For the Fairies
Since it’s the gardening season, I thought I would give you an idea of the best fairy garden plants to use if you want to attract fairies.
First of all, a happy, flourishing garden, created with fairies in mind, can definitely attract fairies to you. Your garden doesn’t have to be huge and labor intensive, it can be as small or as large as you want. For those who aren’t really into gardening, a few potted plants and maybe a little fountain on your patio or apartment balcony would be great. The main point to remember is that you are creating something special for the fairies.

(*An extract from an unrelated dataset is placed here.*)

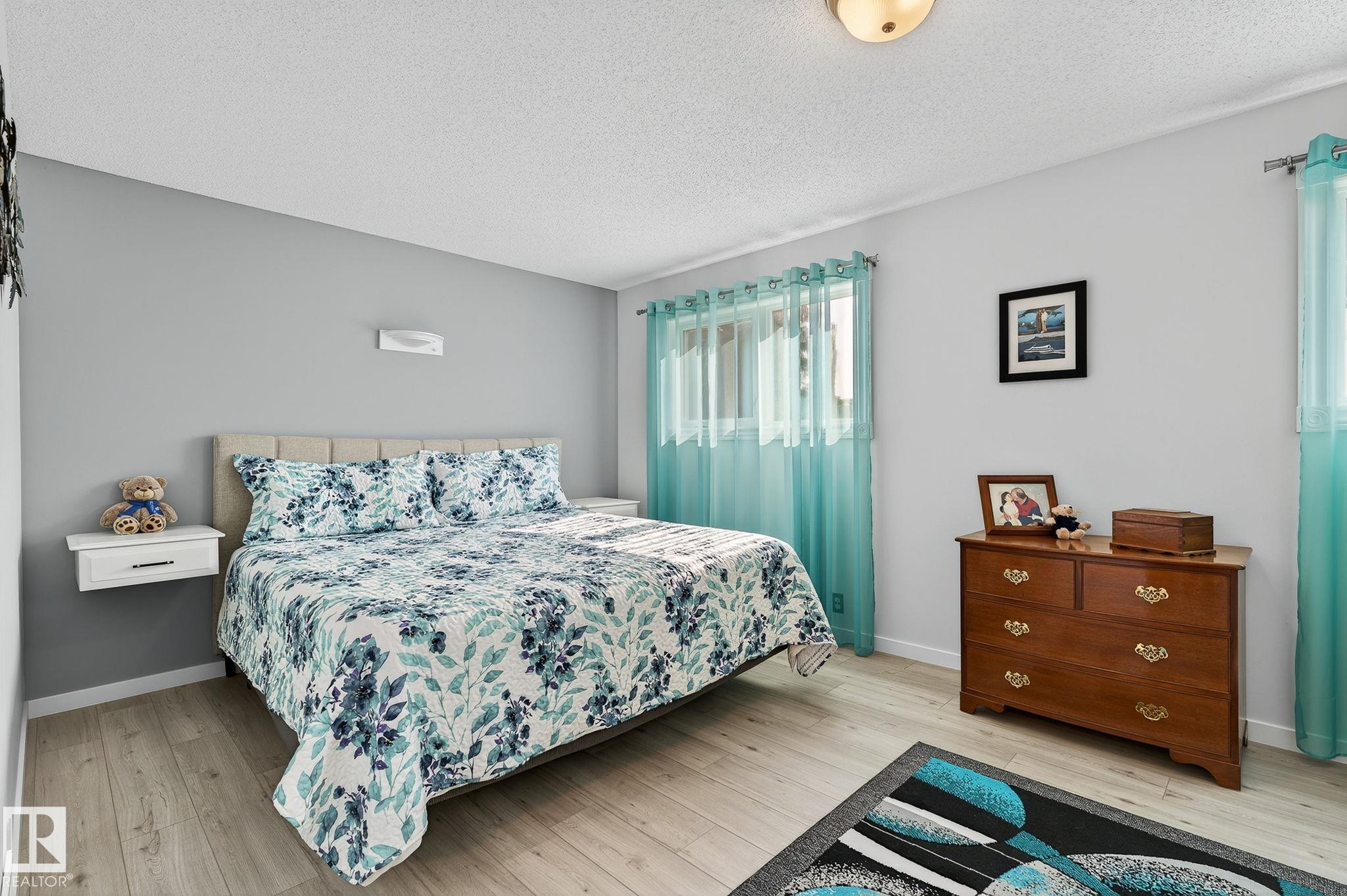 Photo 23 at 12 St. Andrews Avenue, St. Andrews, Stony Plain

Some Great Fairy Garden Plants
Here is a list of some plants that are known to attract fairies:
Lavender, Honeysuckle, Foxglove, Cowslip, Snapdragon, Jasmine, Rosemary, Lily of the Valley, Roses (especially the Fairy Rose), Coral Bells, Pansies, Primroses, Violets. Bluebells, Ferns, Sweet Pea, Mugwort, Pussy willow, White Sage, Gardenia, Lilies, Moonwort, Mullein, Cattails, Blackberry, Queen Anne’s Lace, and Bachelor’s Buttons. Any plant that you love would also work great.
In addition to the above, consider adding the plants below for the reasons listed:
Elderberry – These berries can be burned in a fire to invite the fae to gather. Fairies love Elderberry wine, and Elderberry will surely draw fairy visitors to you!

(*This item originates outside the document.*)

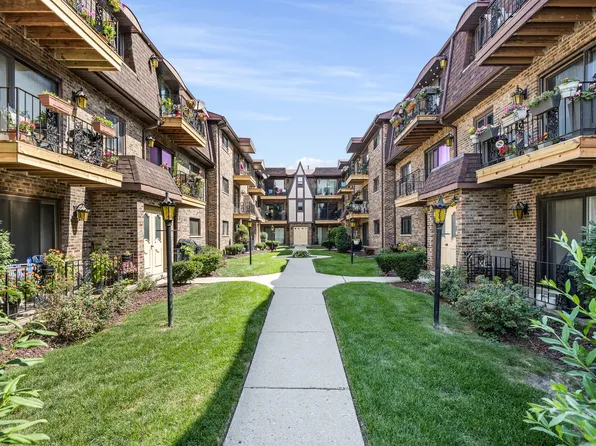 6441 N Northwest Hwy #1B, Chicago, IL 60631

Thyme – Wearing Thyme (especially Wild Thyme) will increase one’s ability to see fairies. It can also be sprinkled on window sills and on your doorstep to invite the fae to visit.

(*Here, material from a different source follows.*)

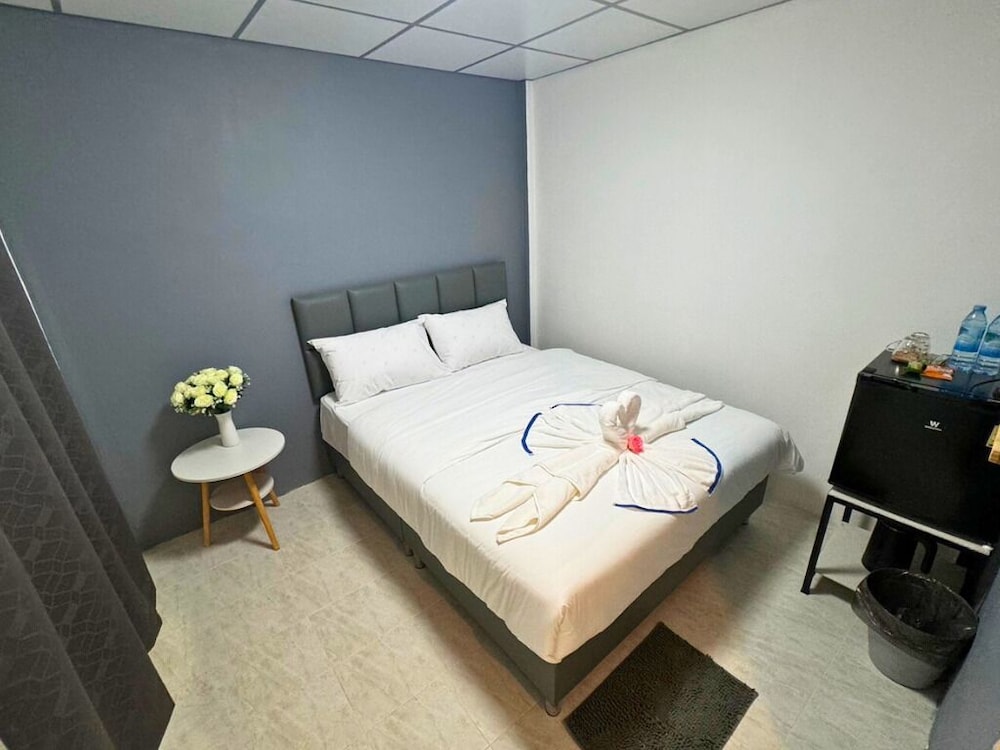 Basic Double Room photo 1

Heather – Greatly loved by fairies – they are very passionate about it! It is also used to open a doorway between the two worlds.
Clover -This plant is very sacred to the fae, and any type of clover will attract them.
Some Trees to Consider
For me, trees and the dryads that inhabit them are always an essential ingredient to any magical, fairy environment. In our backyard, we have a powerful grouping of trees that include Oak, Ash, Mulberry, Black Walnut and Maple. Not everyone lives where they can have trees but if you do, see the list below.
Some trees to consider adding to your garden area:
Rowan – Known as the Goddess Tree, rowan protects the home or buildings where it grows and also protects against troublesome fairies.
Oak, Ash, & Hawthorn – Legend suggests that “faery folks are in the oaks,” and the fae love to dance around this tree. Also, where there is an oak, ash, and thorn (Hawthorn) together, it creates a sacred space which makes it easier to see the fae.
Mulberry – Connected to the faery Goddess Danu, mulberry is a tree of protection and strength.
Elder – This tree is under the protection of the Elder Mother who protects fairies from dark energies and spirits. Because of this, it is a refuge for fairies and will attract them.
Hazel – This is a very magical tree that has been used to summon fairies.
Lilac – The sweet scent of lilac is said to draw pixies to your garden.
Other Things You Can Do
Consider leaving a small area wild for the fae – they love that.
Again, this is not essential but setting an area aside that can remain wild and undisturbed will attract the fae and earn you some of their respect and appreciation. Anything that lets the fae know you support wildlife and nature is bound to make them take a closer look and show them you understand and value the same things they do.
Other garden attractors:
*A water feature in your garden such as a birdbath, wishing well or pond
*A birdfeeder or any other means of supporting wildlife and nature.
*Glass globes or gazing ball,
*Bells or chimes,
*The Fairy Star on a flag or sign
*Because fairies are connected to “in between” places, consider adding an archway or gateway or a fairy door, etc.
*An outdoor fairy house
*A “Good Faeries Welcome Here” Sign or Banner
*Use plenty of rocks for decoration and borders and add some crystals or other personal treasures.
*Tie some ribbons to some of your bush or tree branches in bright colors – it works wonders!
*Add shiny objects to your garden such as silver to attract the fae
Hopefully, I have given you some ideas without overwhelming you with too many choices. It might work best to start small and choose things that truly resonate with you, growing your garden over time.